Kiro'o Games
- Company type: Private
- Industry: Software, Programming, Game Design, Publishing
- Founder: Olivier Madiba
- Headquarters: Yaounde, Cameroon
- Key people: Madiba Olivier Bassangna Jean-Yves Meli Patrick Herve Tchekoulong Delphin Pondy Georges Odira Ononye
- Products: Aurion: Legacy of the Kori-Odan
- Number of employees: Over 16 as of 2016
- Website: https://kirooworld.com/

= Kiro'o Games =

Cameroonian video game developer

Kiro'o Games, also known as Kiro'o Studios, is a privately held Cameroonian video game, animation, development and publishing company headquartered in Yaoundé, Cameroon.

== History ==
Kiro'o Games was founded in 2012 by Olivier Madiba.
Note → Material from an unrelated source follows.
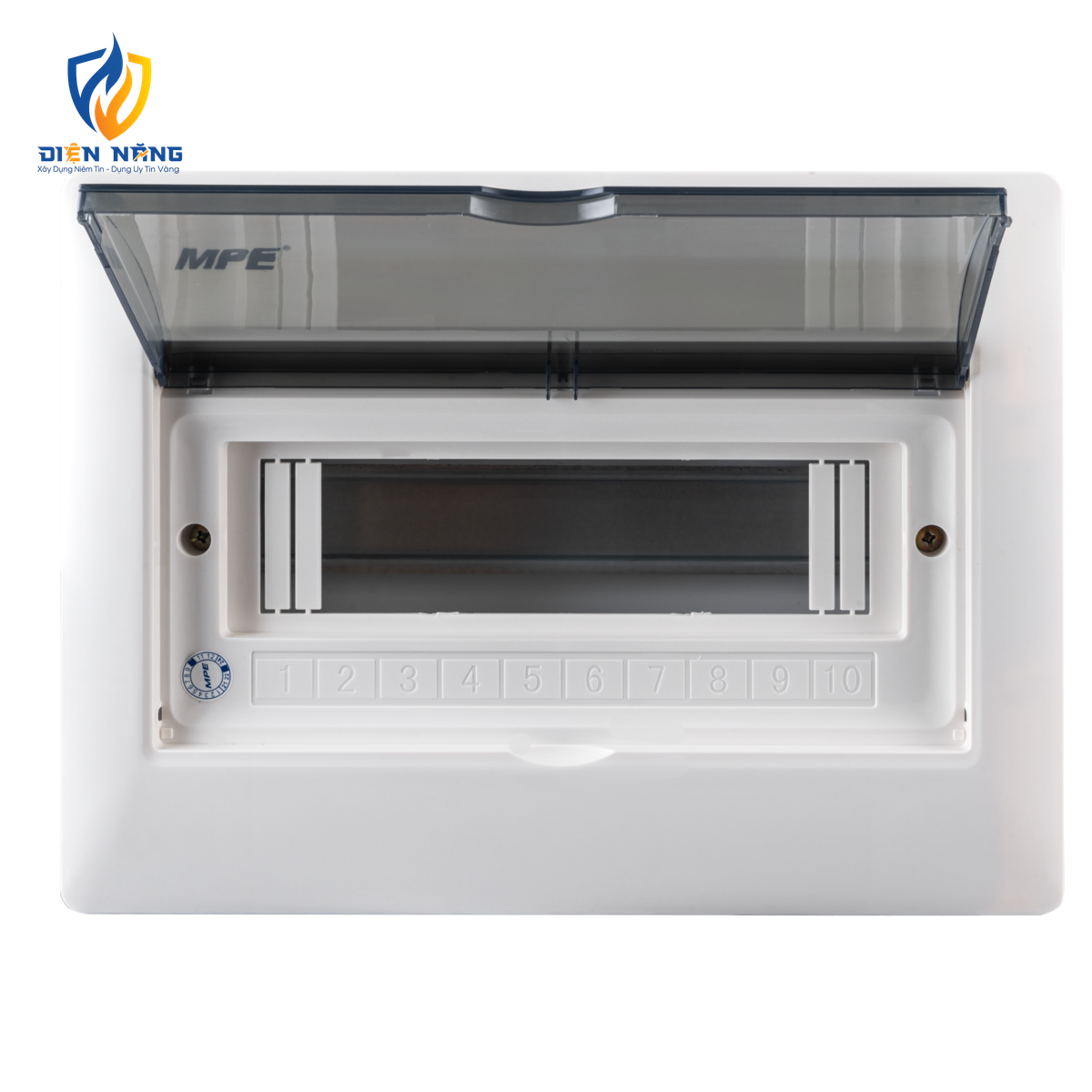 Tủ điện âm tường chứa MCB 7-10 cực mã TS-10 - anh 3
The name Kiro'o comes from the Swahili "kiroho maono", which means "spiritual vision". Since its inception, the company embarked on a mission to create a new genre of video games inspired by African myths and traditions (the first of its kind). The studio was launched by its holding company Madia, created by Olivier Madiba in 2007. Based in Cameroon, the studio faced many power shortages throughout its early development.

On 10 April 2015, Kiro'o Games announced the closing of its investment funds of €182,504. Kiro'o Games ran a successful Kickstarter campaign to fund Aurion, for €49,000, which was launched in September 2013. Between 2013 and 2018, the studio raised a total of $305,000 in crowdfunding, and launched a new crowdfunding campaign in 2019 through its own crowdfunding platform (Rebuntu). The lead investor of the 2019 crowdfunding campaign was Rebecca Enonchong. That amount has since more than doubled, with the company hitting 1 billion FCFA in equity crowdfunding in 2022. The Mboa Manager is a mobile game that simulates the typical environment of an African civil servant. The beta version is available since the end of 2020.